I would just like to ask...on 28th Sept an article appeared on the telegraph website
saying that Ontario has launched a 'new initiative' to recruit British workers...

Sounds all very nice BUT my OH has been sending out resume's to as many companies as he can find....but NO-ONE has replied.

With this new 'initiative' do the companies still have to go for LMO?

As we are stuck in a position of no job=no entry...no feet on terra ferma=no job offer!! 

As an experienced Electrician, he would like to 'go for' Red seal, but again has to be IN Canada to gain this accreditation...

Would love to hear from anyone in Ontario!!


----------



## EVHB (Feb 11, 2008)

Don't read The Telegraph here in Ontario, so to start with: this is the article:
Canada seeks British immigrants - Telegraph

And this is the website that they launched to recruit new immigrants:
Northwestern Ontario Canada Immigration Portal

It seems that you still need to aply as before, so as a Skilled Worker, or with an LMO, or as an entrepreneur and so on.
By the way: it is not "Ontario" that launched this initiative, it is the Thunderbay region, which is quite far away from Toronto (at least a 7 hour drive). Not a lot of people are living there, but it seems to be beautiful. ;-)


----------



## owdon (Sep 29, 2010)

Thanks EVHB...

I assume that Thunderbay is more of an industrial area?!

Also, can you apply as a skilled worker Without an LMO or firm job offer??
I assumed not (my own ignorance)...


----------



## EVHB (Feb 11, 2008)

I haven't been there yet, only read about it because our son mentioned Lakehead University as a possible location for his study and due to the article in The Telegraph. It seems to me as a beautiful area, lots of woods and green! And it is a very important city for that part of Ontario.

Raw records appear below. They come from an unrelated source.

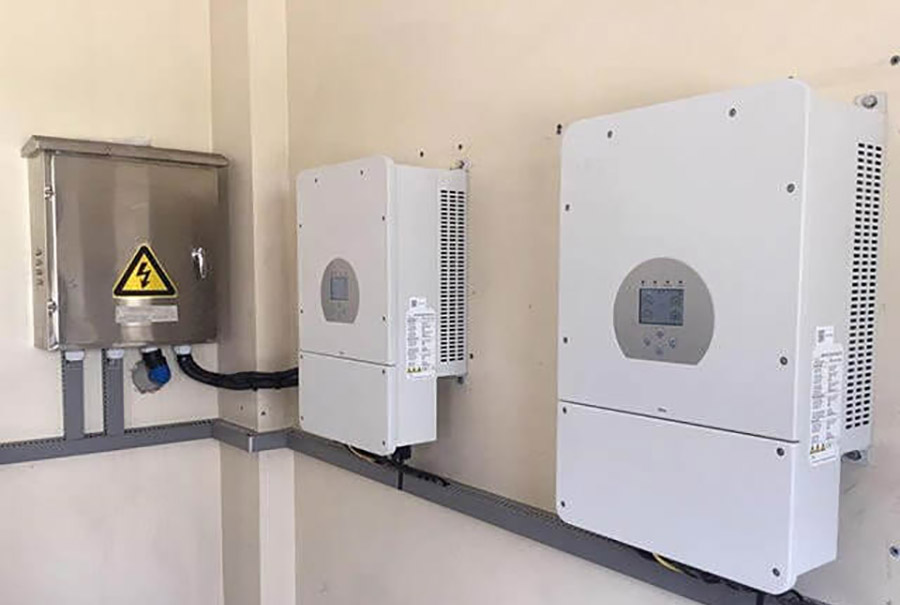 Inverter hybrid Deye 5kW với pin lưu trữ điện cho hệ thống năng lượng mặt trời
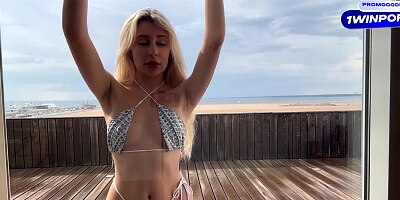 POV: Married Man Warming Up a Stranger Girl with His Huge Cock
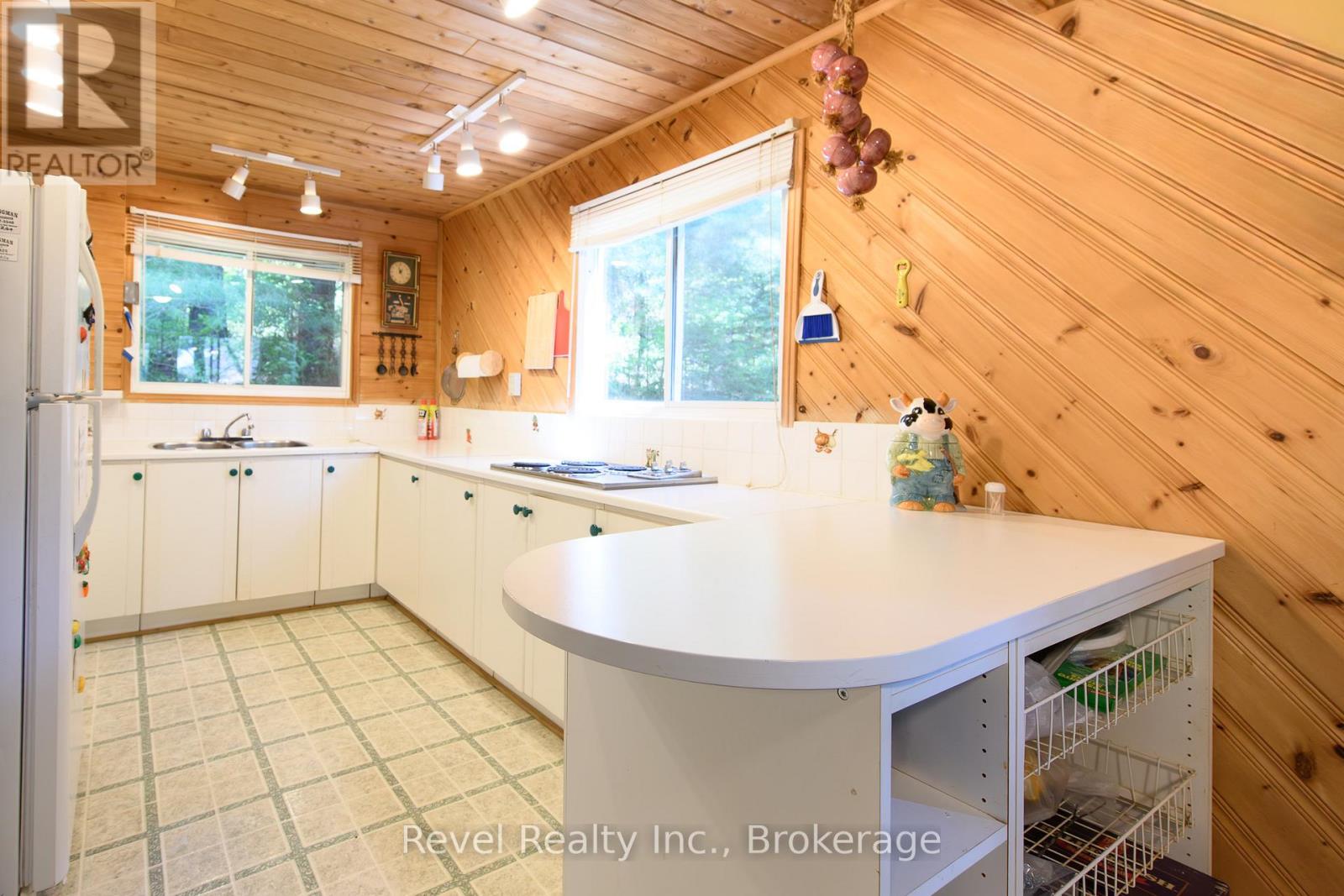 37 WILLOW LANE - 13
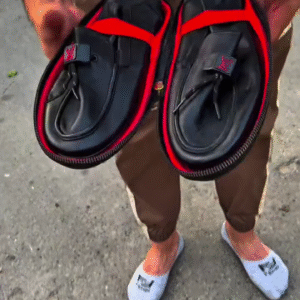 🖤❤️ Red Strap Luxury Slippers – Premium Men’s Comfort Sandals 🔥👣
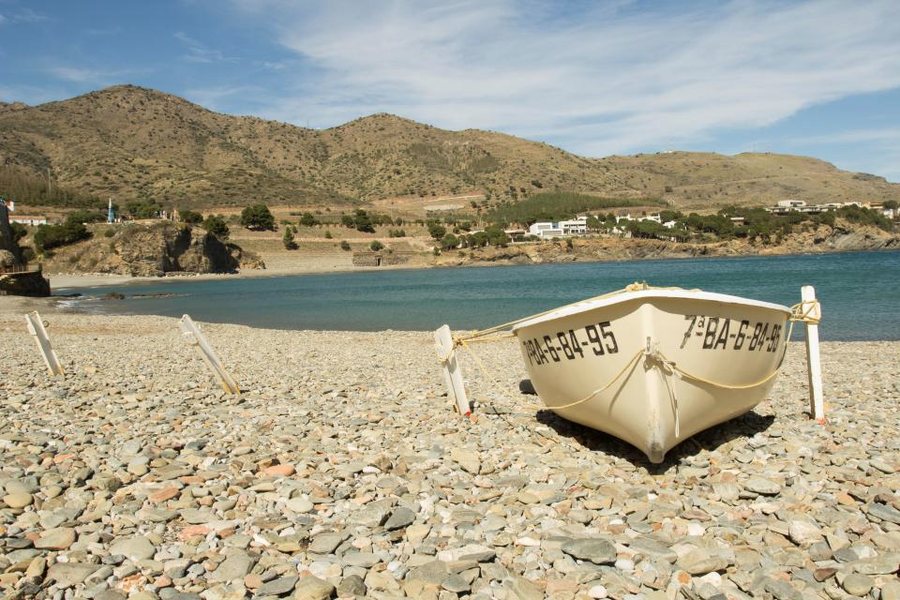 Barca varada en una playa de cantos
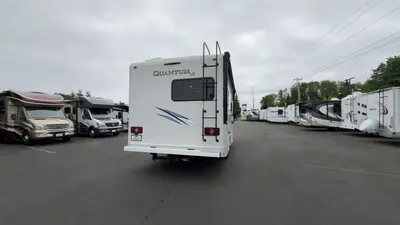 2023 Thor Motor Coach Quantum photo 4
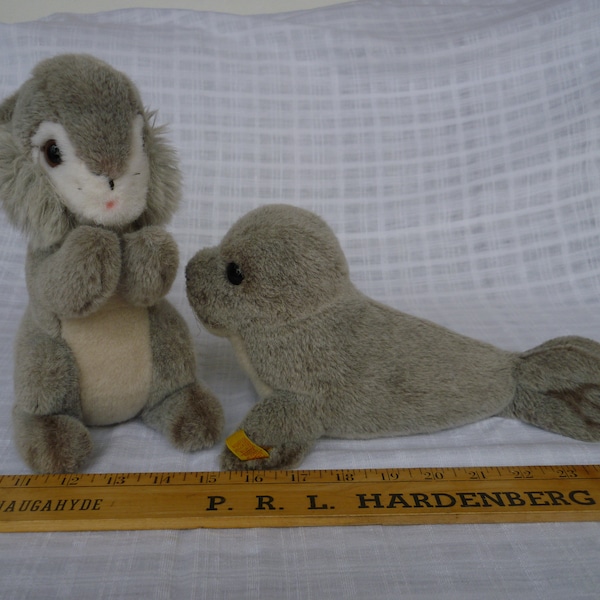 Pair of vintage,Steiff,plush toys,1178/14 robby,baby seal & plush Sonny bunny rabbit with buttons.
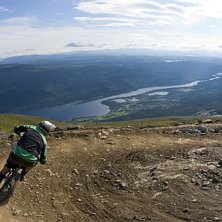 Sk&ouml;n kv&auml;ll p&aring; Skutan efter en pilsner i solsken. Photo: Tobias Liljeroth. Rider: Mattias Johansson.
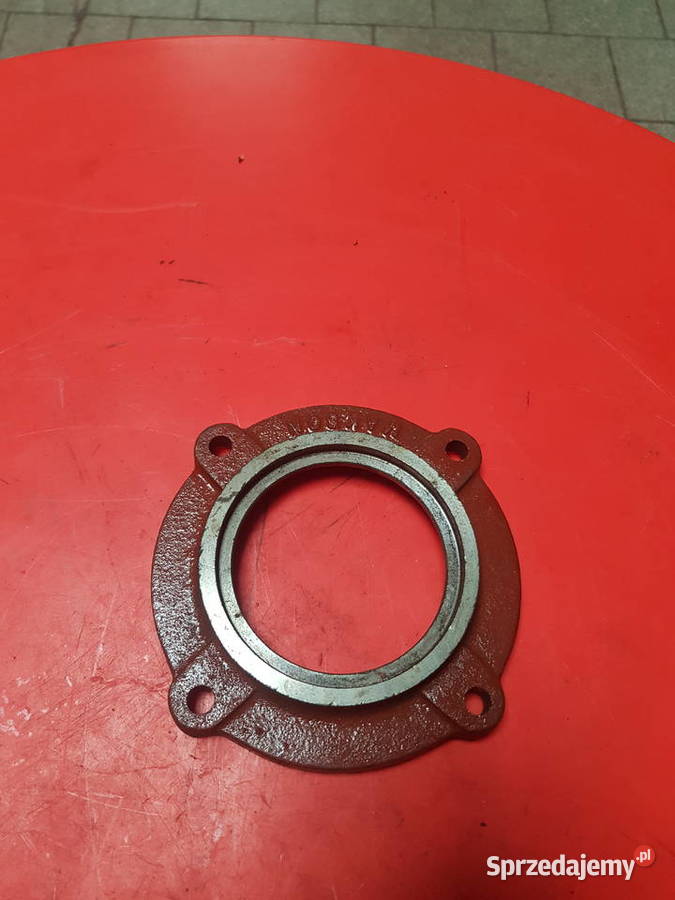 50528010 Pokrywa przednia wału koła URSUS C360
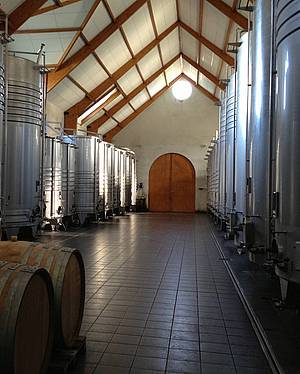 V roce 2001 již veleúspìšné vinaøství Pascal Jolivet buduje zcela nový sklep. Ten pochopitelnì plnì respektuje logiku gravitaèního vinaøství od pøíchodu hroznù, až po stáèení vína.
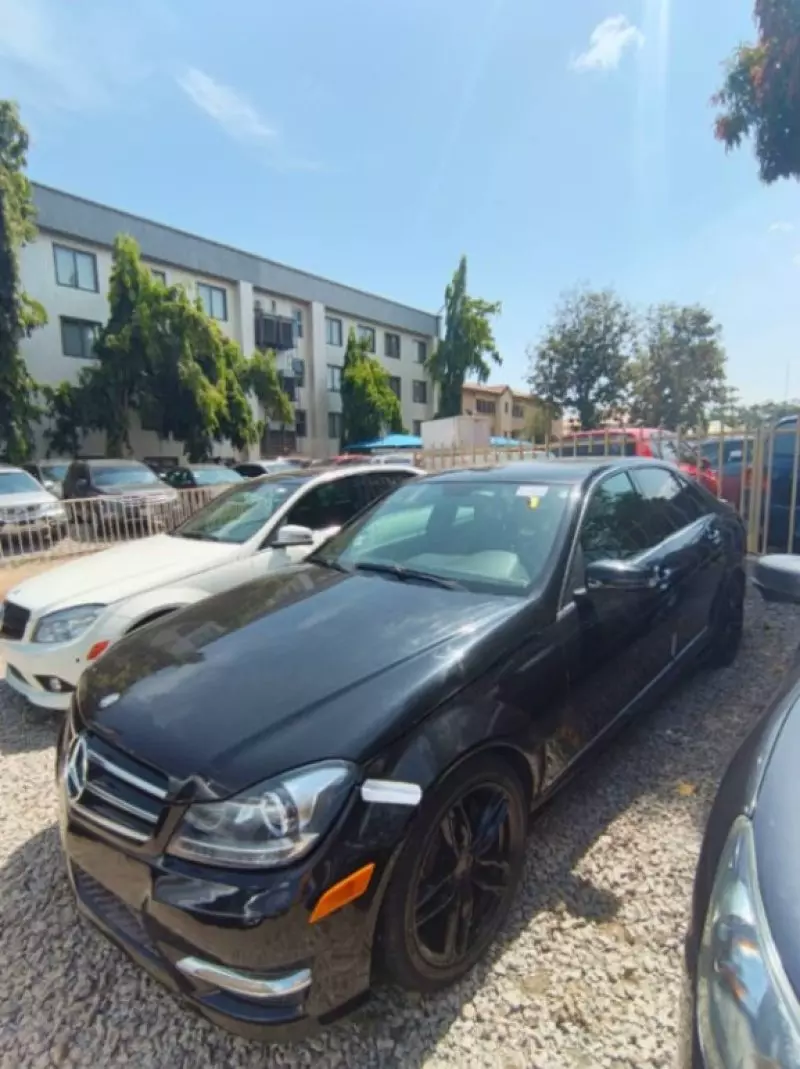 Mercedes-Benz C 300   - 2013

If you qualify in the Federal Skilled Worker Program (= you have enough points + you have one of the jobs on the list of 29 professions and you have this job at the right level), than you don't need a job offer, you can apply for a permanent resident visa and come to Canada. (without a job ;-) )
To find out if you qualify: 
Immigrating to Canada: Skilled workers and professionals
And don't forget to take a look at the provincial nominee programs if you don't qualify for a Skilled Worker visa:
Immigrating to Canada: Provincial nominees (don't know the ins and outs of this program).

Good luck!


----------